Julia Child’s first meal for her husband of calves’ brains in red wine was so disgusting they scraped the plates into the garbage. Another of my research subjects, Jane Poultney Bigelow, made her new husband a “beef steak soup” on her first pass in the kitchen, which was so salty that Mr. Bigelow couldn’t swallow the broth. Coincidentally, one of the very first meals I made for my husband (then boyfriend) was a cheddar cheese and parsnip soup that was so revolting he still hasn’t let me forget it, eighteen years later. My excuse? I blame it on Molly Katzen. Someone had given me her Sundays at Moosewood cookbook, a compendium of the meals they served on “ethnic nights” at the famed Ithaca restaurant. Since the new boyfriend was English, I looked up the recipes in the English section. How I decided on making the soup I cannot recall. I don’t think I’d ever eaten a parsnip before. Maybe I knew he liked cheddar cheese? Or that he was from a town in Somerset nearby Cheddar? Whatever the rationale, the result was a giant pot of stringy, oily, watery, oozy, pale yellow, glop that went flush down the toilet, like the bodily effluvia it most resembled.

At least I have the defense of being only 19 at the time. When my husband was at least a decade older, he cooked me a dish of stir-fried tofu with shredded beets that I have made it my personal mission to never let him forget. The tofu was of the super-crumbly variety, which dissolved into irregular grits colored off-pink by the mangled shreds of beet. The whole dish was soft and undercooked and toothsome and bland and sweet at the same time. There may even have been some fish sauce in there, just to highlight how completely the dish reversed the delicious Thai formula of sweet, salty, spicy and sour.

Despite trying to blame my parsnip-cheddar-cheese soup on the follies of youth, the truth is that I continue to “fuck it up a little” in the kitchen fairly often. I couldn’t even eat the dinner I made last night. It was a simple meal of roast chicken, roast potatoes, haricots verts, and carrot salad. It should have been impossible to bungle. But I got caught up in writing, and started dinner far too late, and at 9:00 with the kids fainting from hunger I put the chicken and the potatoes on the table although I knew they needed another half an hour. The chicken wasn’t bloody, but it was tough. Maybe our corner boucherie is not the place to buy chicken? I’ll know next time. The potatoes were almost done, but who wants to eat almost-done potatoes? At least the green beans and carrots were ok. And considering the massive “sud-ouest” salad I had eaten for lunch – with foie gras, smoked duck breast, and preserved goose-gizzards – it was probably good to have an unintentionally light supper.

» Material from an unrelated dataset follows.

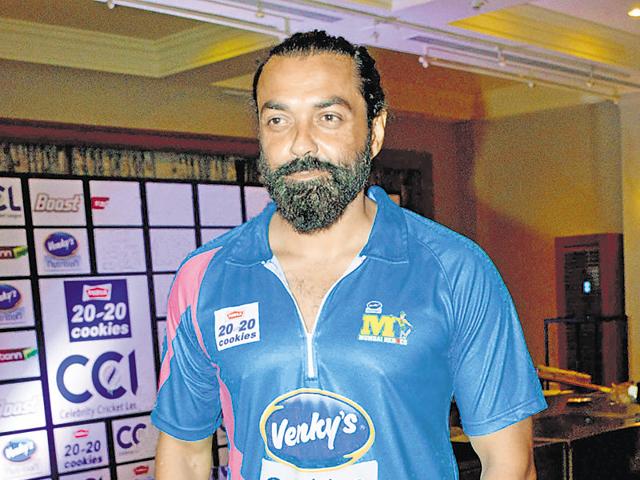 Bobby Deol poses for the shutterbugs at an event in Mumbai. (Photos: yogen shah) 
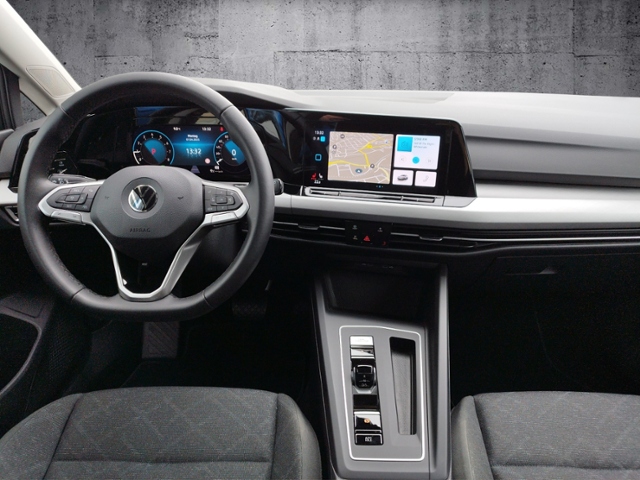 Golf VIII Variant Life 1.5 eTSI DSG BusinessPre.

Julia Child is famous for saying “no matter what happens in the kitchen, never apologize.” I am sure this motto is liberating for many anxious cooks. But applying this rule to the genre of kitchen-diary writing is like airbrushing the blemishes from home photographs. This is one reason why writing blog posts about food can seem superficial and self-indulgent. It blurs too easily with the aspirational lifestyle business. So if some of my blog posts slip too far in that direction, let me lay things out honestly here: last night I made tough chicken. The night before my fish filets stuck to the pan and turned out fairly bland. Tuesday night, I let the tendrons de veau reach a boil on the stovetop, they would have been more tender if I left them to stew at a lower temperature in the oven. Also, I have a habit of buying too much expensive cheese and letting the odds and ends go bad in the refrigerator. The apple tart my husband bought from the bakery behind the carrefour was just okay. There’s grease splattered behind the stove top. The kitchen towels are stained. And I really ought to sponge down the dining room table, where I am typing right now.